Mackinaw, August 19, 1846.

We were detained two days longer than we expected at the Sault de Ste. Marie, by the failure of the steamer General Scott to depart at the proper time. If we could have found a steamer going up Lake Superior, we should most certainly have quieted our impatience at this delay, by embarking on board of her. But the only steamer in the river St. Mary, above the falls, which is a sort of arm or harbor of Lake Superior, was the Julia Palmer, and she was lying aground in the pebbles and sand of the shore. She had just been dragged over the portage which passes round the falls, where a broad path, with hillocks flattened, and trunks hewn off close to the surface, gave tokens of the vast bulk that had been moved over it. The moment she touched the water, she stuck fast, and the engineer was obliged to go to Cleveland for additional machinery to move her forward. He had just arrived with the proper apparatus, and the steamer had begun to work its way slowly into the deep water; but some days must yet elapse before she can float, and after that the engine must be put together.

Had the Julia Palmer been ready to proceed up the lake, I should certainly have seized the occasion to be present at an immense assemblage of Indians on Madeleine Island. This island lies far in the lake, near its remoter extremity. On one of its capes, called La Pointe, is a missionary station and an Indian village, and here the savages are gathering in vast numbers to receive their annual payments from the United States.

"There were already two thousand of them at La Pointe when I left the place," said an intelligent gentleman who had just returned from the lake, "and they were starving. If an Indian family has a stock of provisions on hand sufficient for a month, it is sure to eat it up in a week, and the Indians at La Pointe had already consumed all they had provided, and were living on what they could shoot in the woods, or get by fishing in the lake."

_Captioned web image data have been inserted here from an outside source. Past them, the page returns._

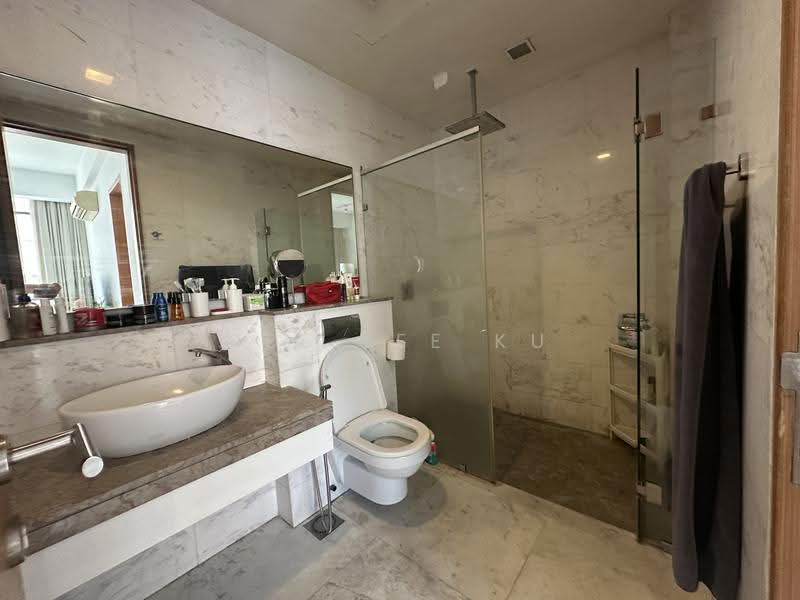 Service Residence for Sale at Twins @ Damansara Heights - Bee Lee Ku - Bathroom - PropertyGuru.com.my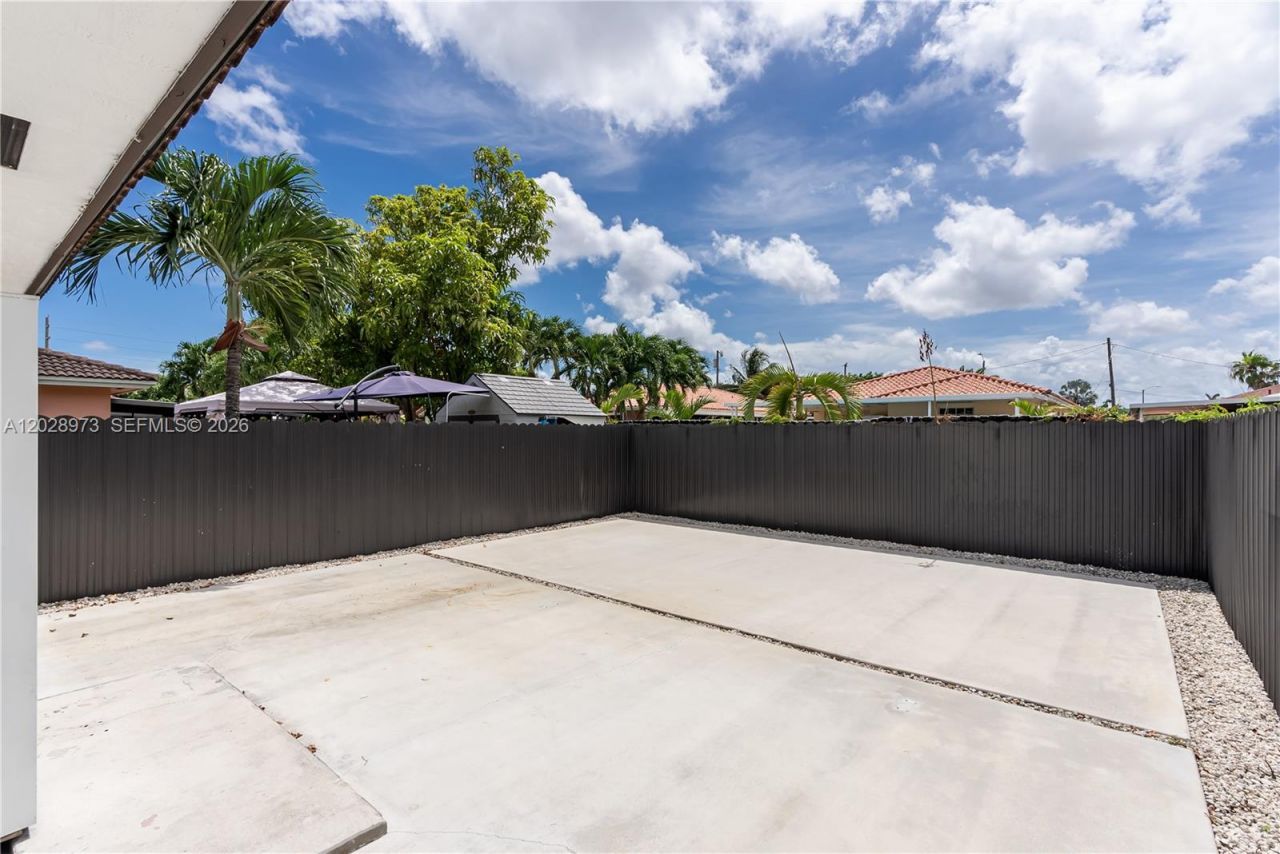 1214 NW 34th Ave, Unit 1214, Miami, FL 33125 Photo
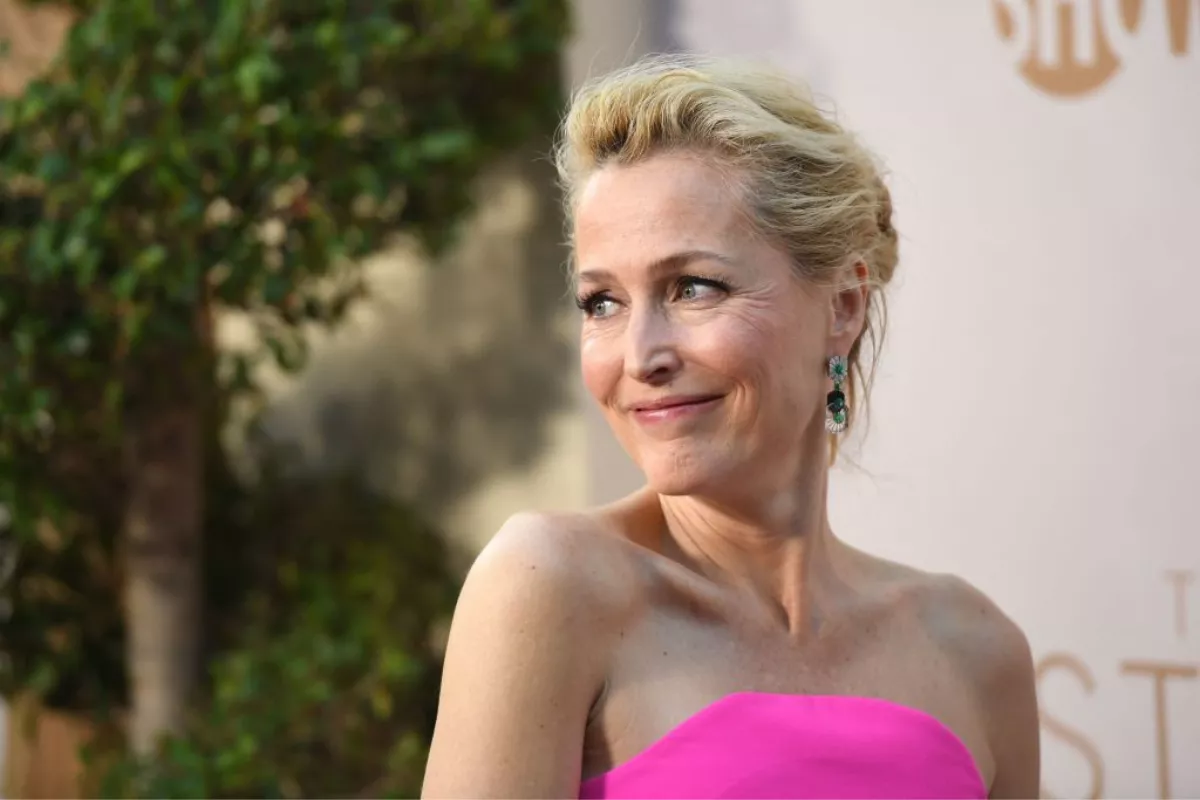 Gillian Anderson Is Coming Under Fire - Vimarsana News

I inquired of him the probable number of Indians the occasion would bring together.

"Seven thousand," he answered. "Among them are some of the wildest tribes on the continent, whose habits have been least changed by the neighborhood of the white man. A new tribe will come in who never before would have any transactions with the government. They are called the Pillagers, a fierce and warlike race, proud of their independence, and, next to the Blackfeet and the Camanches, the most ferocious and formidable tribe within the territory of the United States. They inhabit the country about Red River and the head-waters of the Mississippi."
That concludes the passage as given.